Workshops Just an illusion
Hugues Reip
Several works in the exhibition L’Évasion play with our perception of reality. Games of scale, perspective, and pareidolia fill Hugues Reip’s work, which is strongly influenced by the dreamlike worlds of Lewis Carroll and Jonathan Swift.
Based on the works Black Sheeps, Les Pistils, 0,25, and Flowers, the first workshop approaches photography by defining a frame and a setting to work on the point of view, the play of perspective, and the different planes of an image. By optical illusion, the proportions are reversed. The kids also put themselves on stage to become a giant or a microscopic being. The students recreate a world of the infinitely small in which the giants are actually tiny, and vice versa.
The second workshop takes as its starting point the work Night Music (Deep) (à Öyvind Fahlström), in which hybrid magnetized figures at the crossroads of the animal, vegetable and mineral kingdoms form a surreal constellation floating in a midnight blue evoking sometimes the depths of the sea, sometimes the sky.

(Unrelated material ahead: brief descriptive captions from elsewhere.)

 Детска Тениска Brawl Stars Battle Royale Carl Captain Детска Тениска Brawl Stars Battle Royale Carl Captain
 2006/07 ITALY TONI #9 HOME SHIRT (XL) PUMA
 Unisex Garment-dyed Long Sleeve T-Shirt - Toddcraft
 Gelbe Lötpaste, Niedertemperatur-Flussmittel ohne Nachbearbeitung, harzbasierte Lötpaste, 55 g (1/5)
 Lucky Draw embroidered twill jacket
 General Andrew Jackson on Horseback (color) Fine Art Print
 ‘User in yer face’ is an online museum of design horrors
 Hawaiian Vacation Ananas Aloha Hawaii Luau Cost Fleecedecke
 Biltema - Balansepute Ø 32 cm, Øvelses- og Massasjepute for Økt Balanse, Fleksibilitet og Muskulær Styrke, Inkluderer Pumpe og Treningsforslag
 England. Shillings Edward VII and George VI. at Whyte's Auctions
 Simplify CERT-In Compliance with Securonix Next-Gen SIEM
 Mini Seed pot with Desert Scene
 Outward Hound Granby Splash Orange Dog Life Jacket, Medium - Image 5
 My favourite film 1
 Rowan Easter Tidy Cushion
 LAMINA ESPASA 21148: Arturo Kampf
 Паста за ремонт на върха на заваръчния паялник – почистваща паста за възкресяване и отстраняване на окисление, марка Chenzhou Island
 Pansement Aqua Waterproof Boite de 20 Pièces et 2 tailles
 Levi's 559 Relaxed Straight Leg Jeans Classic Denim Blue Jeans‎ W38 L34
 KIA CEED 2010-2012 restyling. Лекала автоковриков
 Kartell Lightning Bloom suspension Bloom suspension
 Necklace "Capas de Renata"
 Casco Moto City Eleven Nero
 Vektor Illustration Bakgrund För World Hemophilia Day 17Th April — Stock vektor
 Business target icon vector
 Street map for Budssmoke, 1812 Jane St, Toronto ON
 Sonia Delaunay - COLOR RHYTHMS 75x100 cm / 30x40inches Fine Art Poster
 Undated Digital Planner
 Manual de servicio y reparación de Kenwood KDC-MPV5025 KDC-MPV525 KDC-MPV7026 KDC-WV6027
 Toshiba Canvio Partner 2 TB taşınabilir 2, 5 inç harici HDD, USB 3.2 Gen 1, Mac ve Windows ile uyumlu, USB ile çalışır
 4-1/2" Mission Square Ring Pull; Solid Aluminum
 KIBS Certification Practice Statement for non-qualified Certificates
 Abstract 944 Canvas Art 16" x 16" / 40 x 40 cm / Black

By cutting out shapes from sheets of colored paper at random, without trying to represent something specifically, students recompose shapes that “remind one of”. These are pareidolies, optical illusions that consist of associating a shapeless and ambiguous visual stimulus with a clear and identifiable element, often a human or animal form. Also present in the exhibition L’Évasion, the sculpture L’Orque which represents a rock, is an example of pareidolia.